Ataque marciano causou pânico em São Luís

“O fato aconteceu é notícia”, soou a vinheta da rádio Difusora, de São Luís, na manhã de 30 de outubro de 1971. O locutor Rayol Filho então anunciou, com voz grave: “O observatório de Monte Palomar informou ter observado várias explosões de gás incandescente em intervalos regulares sobre a superfície do planeta Marte”. E brincou, antes de colocar mais uma música no ar: “Pois é, vamos seguindo com o nosso programa, antes que as partículas cheguem por aqui”. Logo depois, porém, Rayol retomou os microfones para anunciar uma invasão marciana em vários pontos estratégicos da Terra: Estados Unidos, Europa, Rio de Janeiro e, é evidente, São Luís (ouça a transmissão).

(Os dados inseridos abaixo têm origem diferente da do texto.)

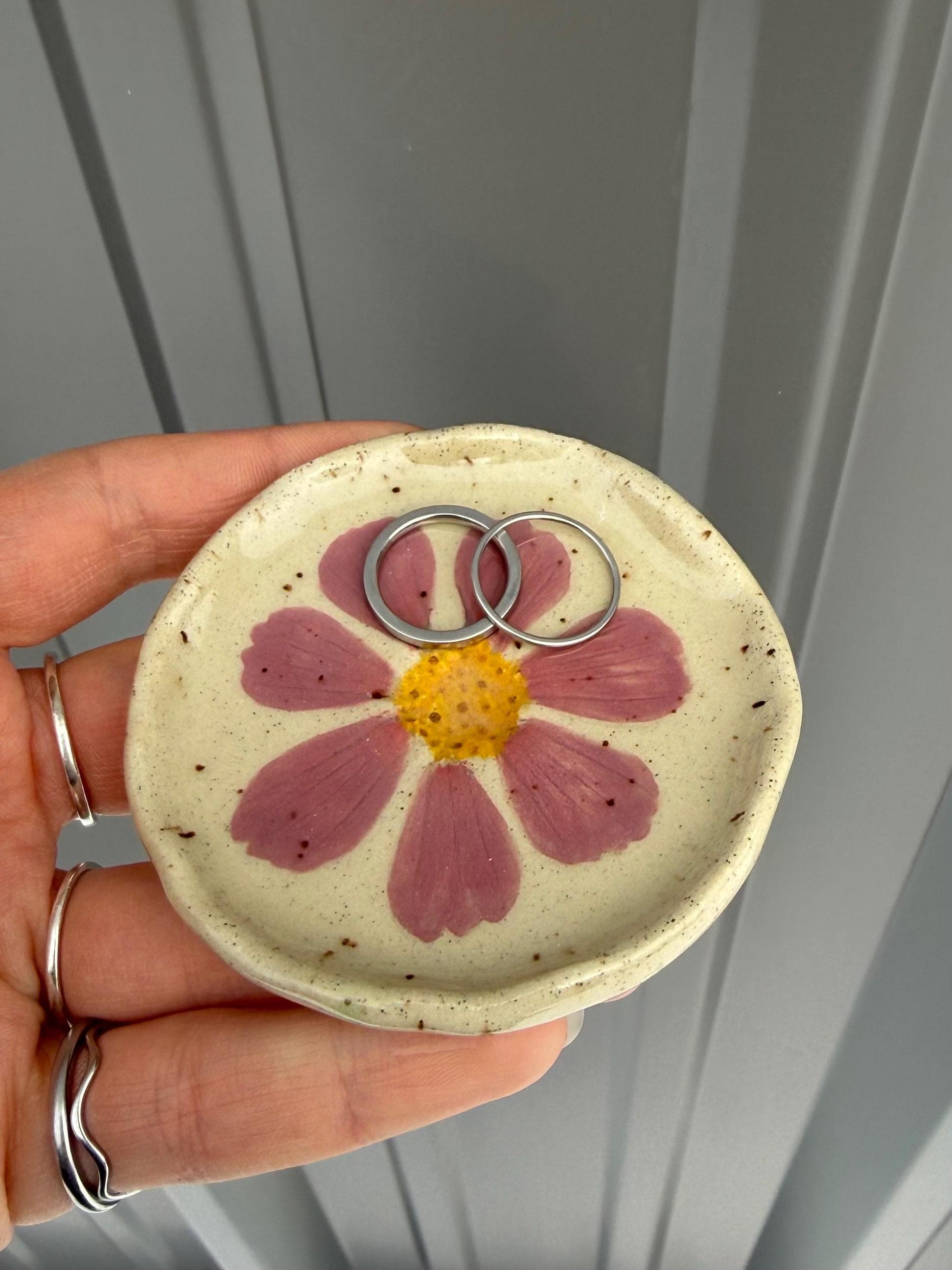 Pressed Flower Handmade Ceramic Trinket Ring Dish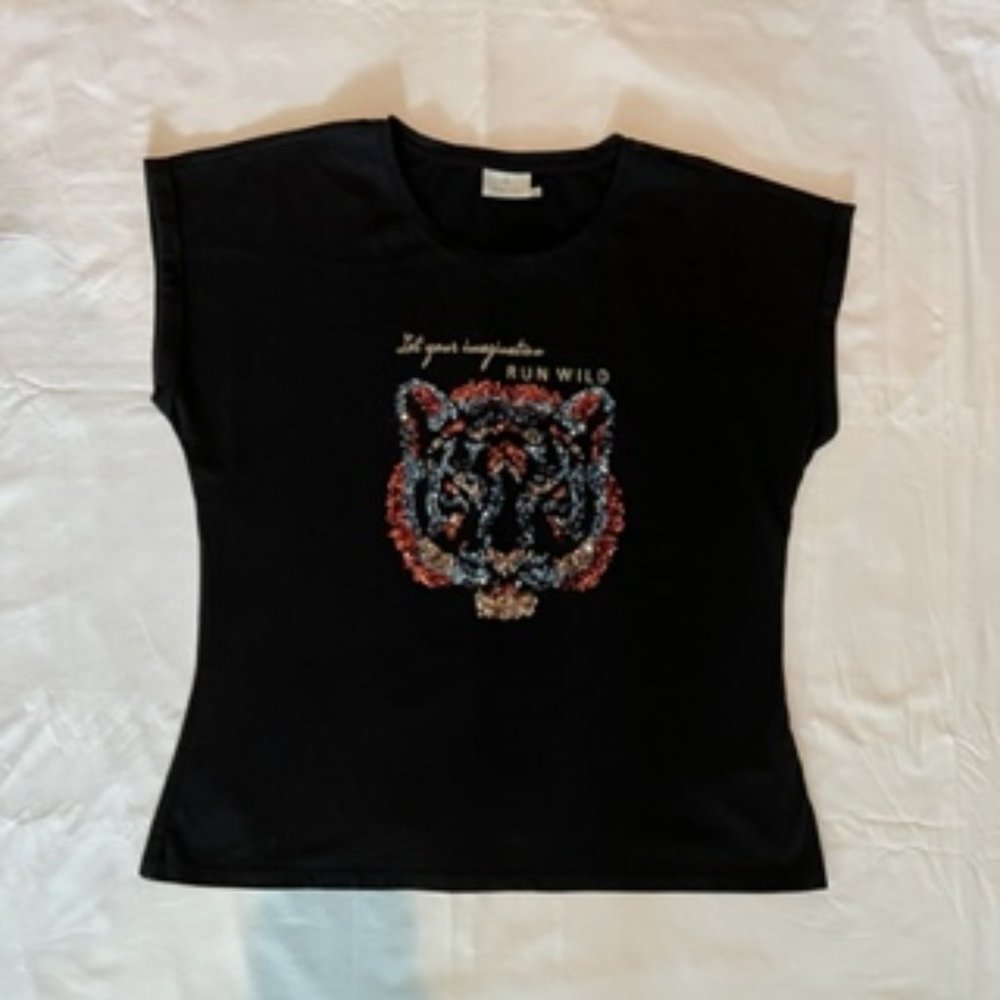 Kaffe Women's Cotton Short Sleeve Top Shirt XL Black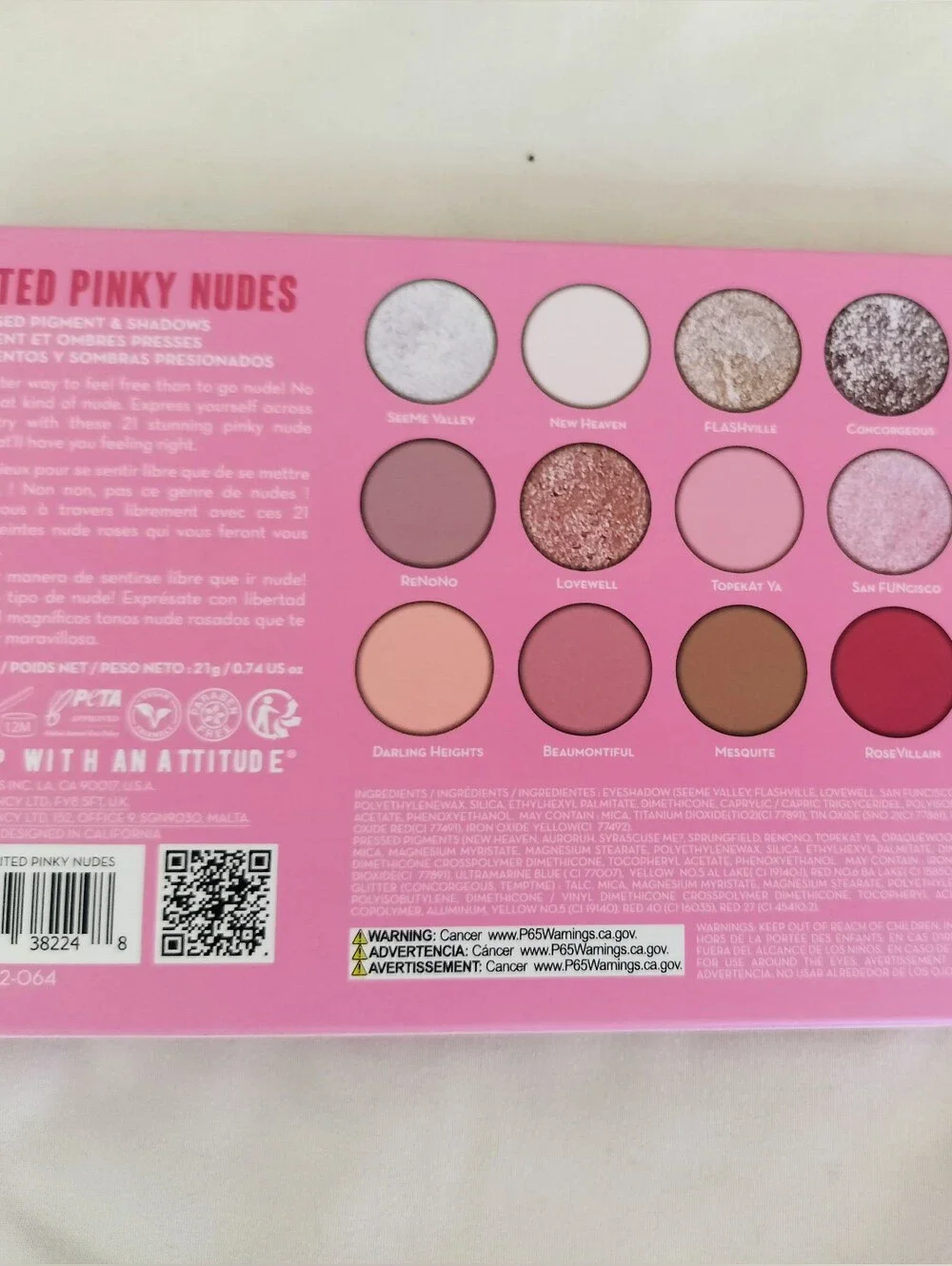 Rude Cosmetics United Pinky Nudes 21 Eyeshadow Palette - Brand New Sealed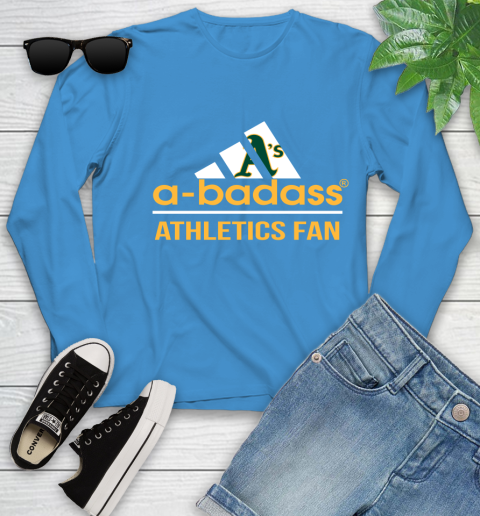 MLB A Badass Oakland Athletics Fan Adidas Baseball Sports Youth Long Sleeve 8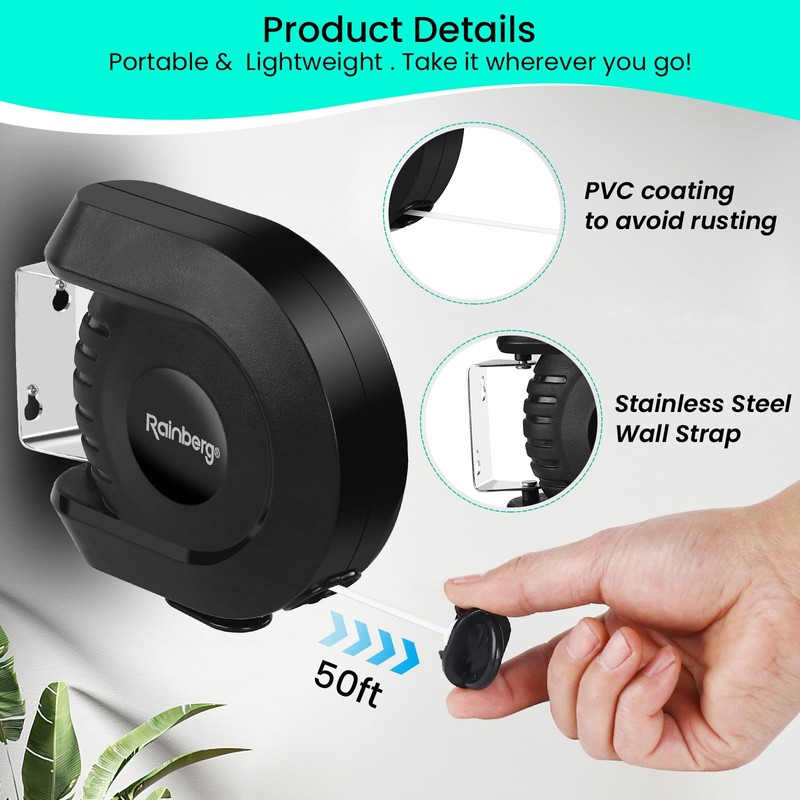 Rainberg Retractable Clothes Line, 15m/30m Washing Line, Wall-Mounted, PVC-Coated, Indoor/Outdoor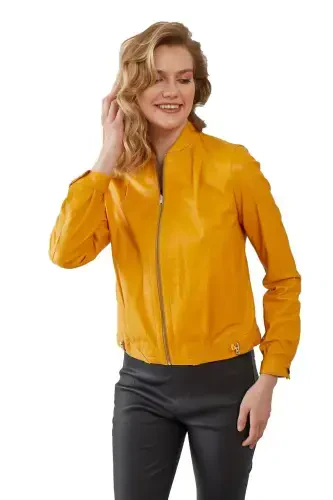 Yellow women's leather jacket - DERIDERIM (1)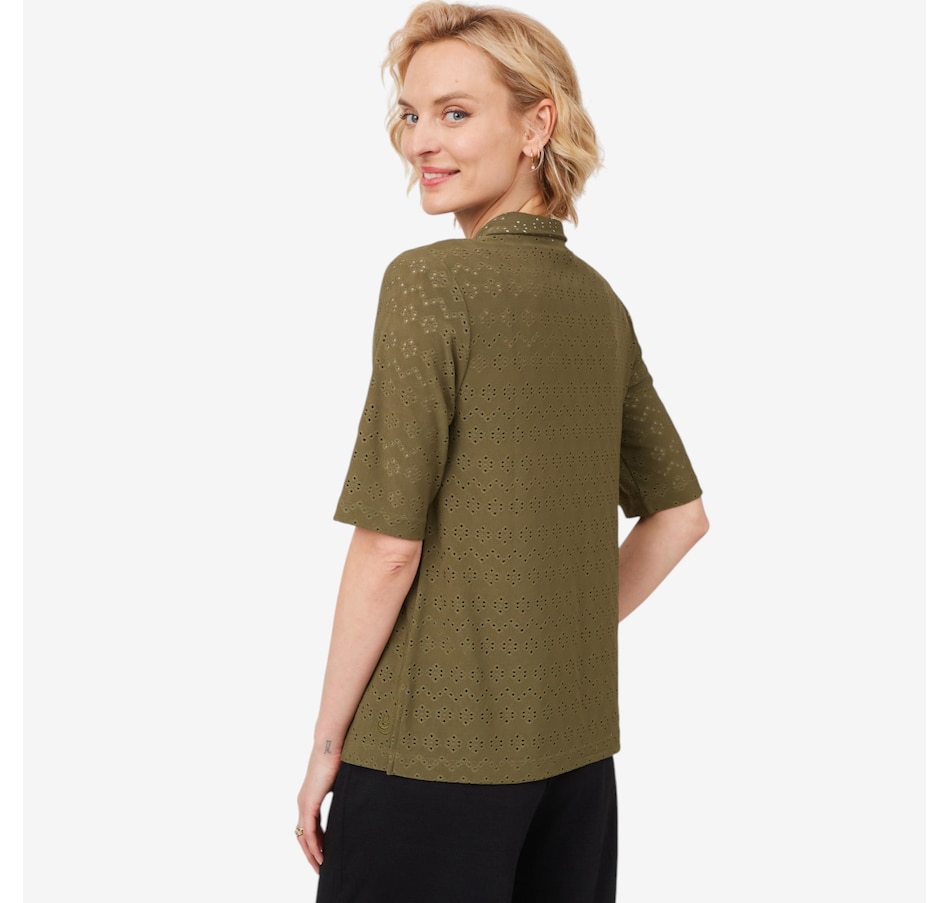 Image 560731_ALTMORE4.jpg, Product 560-731 / Price $19.33, Cuddl Duds Eyelet Button Up Shirt from Cuddl Duds on TSC.ca's Fashion department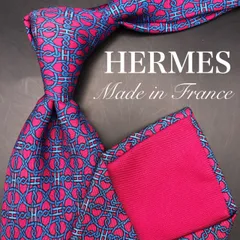 【美品】HERMES エルメス ネクタイ チェーン柄 ピンク ブランドロゴ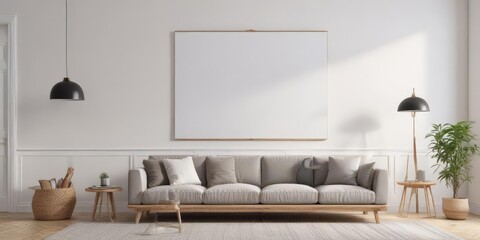 Modern living room, poster mockup on white wall, wooden clips, clean lines, flat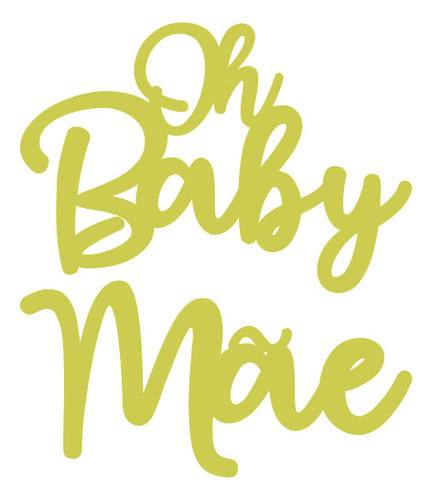 Lettering Oh Baby E Mãe Mdf Dourado 45 Cm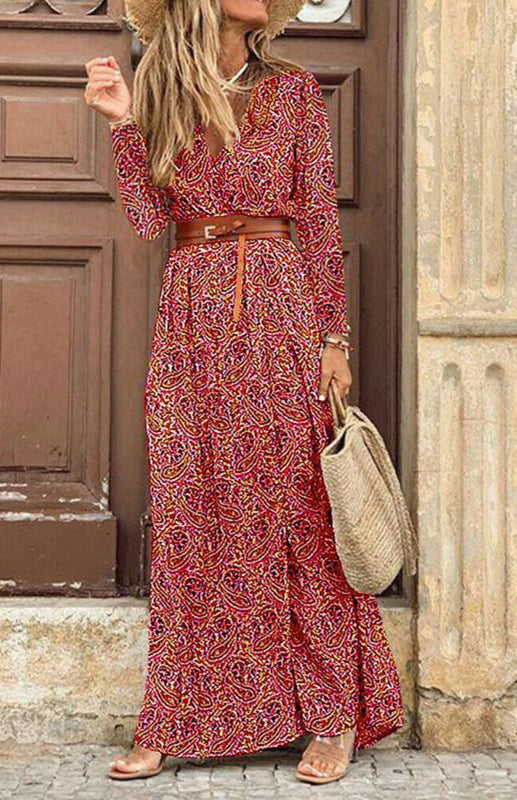 Paisley Print Maxi Dress with V-Neck and Belt Maxi Dresses MyDresses Red 8 | S 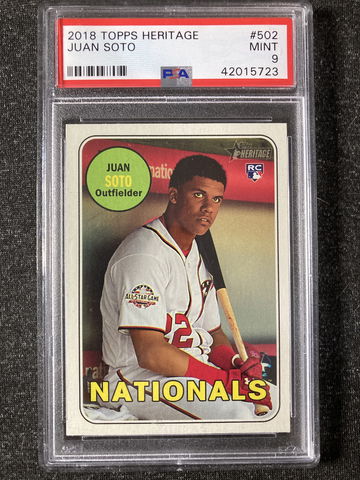 2018 Topps Heritage Juan Soto #502  PSA 9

Não é preciso dizer que marciano algum havia sido visto do lado de cá do sistema solar. Tratava-se de uma brincadeira do produtor Sérgio Brito, convidado a criar um programa especial em comemoração ao aniversário da emissora. Brito se inspirou no norte-americano Orson Welles, que, em 1938, produziu uma transmissão radiofônica intitulada A Guerra dos Mundos. Em tom jornalístico, o futuro diretor de Cidadão Kane dizia que a Terra estava sendo invadida por marcianos, causando pânico nos Estados Unidos. Brito talvez não esperasse tamanho estardalhaço, mas provocou algo parecido entre os ludovicenses.

Capa do jornal O Imparcial, no dia seguinte à transmissão (imagem: reprodução)

A Difusora entrou em rede com uma emissora fictícia do Rio de Janeiro, pela qual um “especialista” confirmava a invasão. O sonoplasta Manoel Pereira criou ruídos que soavam como espaçonaves. O repórter Jota Alves foi “deslocado” para o aeroporto Tirirical, onde conversou com populares que confirmavam o ataque alienígena. Também anunciou que aviões comerciais estavam sendo perseguidos por naves, e que havia avistado um objeto não identificado no Campo de Perizes, que ligava São Luís ao continente. Não foi à toa a presença de um OVNI no local: “Eu tinha medo de uma fuga em massa acontecer, então coloquei uma nave espacial ali”, afirma Brito.

O clima de desespero foi maior quando Jota Alves saiu abruptamente do ar durante uma entrevista. O repórter só podia ter sido morto pelos marcianos. Logo entraram músicas tristes, até a marcha fúnebre. Não havia dúvidas: o mundo estava para acabar. O centro da cidade fechou as portas e os taxistas tiveram trabalho dobrado – todos queriam passar os últimos instantes junto aos entes queridos.

Ao longo do programa, por duas vezes, uma vinheta entrou no ar explicando que se tratava de uma peça de ficção. De pouco adiantou. Quando o povo percebeu que tudo não passava de uma brincadeira, era tarde. O exército já havia invadido e lacrado a emissora, que ficou três dias fora do ar. “As pessoas ficaram com muita vergonha de terem sido enganadas, o que ajudou a esfriar o assunto”, explica Manoel Pereira, o responsável pelos assombrosos efeitos especiais. Para sorte da equipe da rádio, ninguém foi preso. E nem o mundo acabou.